The tragic story of a World War Two American bomber crew has been pieced together by divers who discovered their plane wreck off the coast of Britain.
The lost Boeing B17 Fortress Flyer ditched in the sea off the Norfolk coast on May 13, 1943, killing the pilot, Captain Derrol Rogers.
But now a team of divers who found and identified the wreckage have uncovered the remarkable courage of both Captain Rogers and his co-pilot Norville Gorse that saved the lives of nine people.
Paul Hennesy and Mandy Frary, from the North Norfolk Divers, led a team of underwater explorers to a spot off the coast of Blakeney which had been identified as the site of a plane wreckage.
Divers on an earlier expedition three years ago believed the plane was a Lightning jet from the 1960s.
But after comparing photos of the wreckage with parts of the Fortress Flyer, they discovered the aircrafts true identity.
The plane was indeed the missing flyer, number 42-29752, which had taken off from the RAF's Grafton Underwood airbase in Northamptonshire on May 13, 1943.
It was the crew's first combat mission to attack the Luftwaffe airfield at St Omer in France - but things went badly wrong from the start.

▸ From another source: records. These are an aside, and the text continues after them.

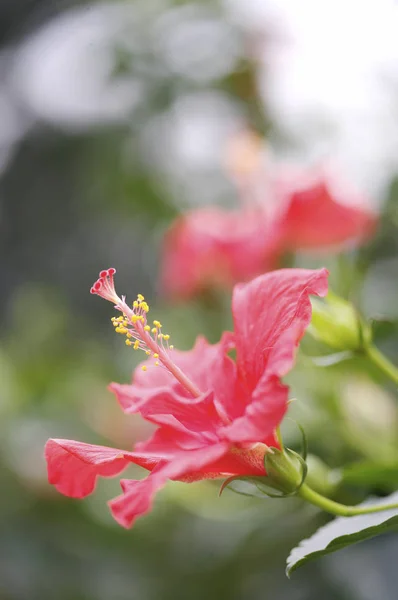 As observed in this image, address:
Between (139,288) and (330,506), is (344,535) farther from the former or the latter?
(139,288)

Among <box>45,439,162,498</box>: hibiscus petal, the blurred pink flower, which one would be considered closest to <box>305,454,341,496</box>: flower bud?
<box>45,439,162,498</box>: hibiscus petal

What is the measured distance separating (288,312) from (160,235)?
5.72 feet

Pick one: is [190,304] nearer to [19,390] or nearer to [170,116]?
[19,390]

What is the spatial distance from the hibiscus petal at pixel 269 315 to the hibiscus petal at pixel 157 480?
82 millimetres

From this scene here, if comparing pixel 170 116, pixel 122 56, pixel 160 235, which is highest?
Answer: pixel 122 56

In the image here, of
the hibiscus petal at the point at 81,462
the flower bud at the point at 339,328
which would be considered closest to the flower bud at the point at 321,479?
the flower bud at the point at 339,328

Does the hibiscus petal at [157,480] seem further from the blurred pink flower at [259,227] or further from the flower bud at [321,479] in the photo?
the blurred pink flower at [259,227]

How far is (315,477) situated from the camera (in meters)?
0.90

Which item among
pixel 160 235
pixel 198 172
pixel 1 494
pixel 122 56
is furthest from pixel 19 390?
pixel 122 56

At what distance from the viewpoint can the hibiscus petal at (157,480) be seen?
617 mm

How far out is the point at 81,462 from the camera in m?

Having been warned about being attacked on take off, the Flyer's machine guns were charged before it left the runway.
But as Capt Rogers banked the plane to one side, a machine gun went off and hit the aircraft's tail, severing a stabilizer.
Two of the crew were also hit by the spray of bullets, and without the stabilizer the plane was out of control and still climbing.
Tying the plane's control column with cord, Rogers and Gorse managed to steer the Flyer back to the airbase, allowing all but the pilot and co-pilot to bail out.
An injured crew member, who had been hit in the spine, had a rope tied to his rip chord before being thrown from the plane, ingeniously allowing his parachute to open without his intervention.
The two remaining men then flew out to sea to avoid crashing the plane in built up areas.
Both bailed out of the plane before it hit the water.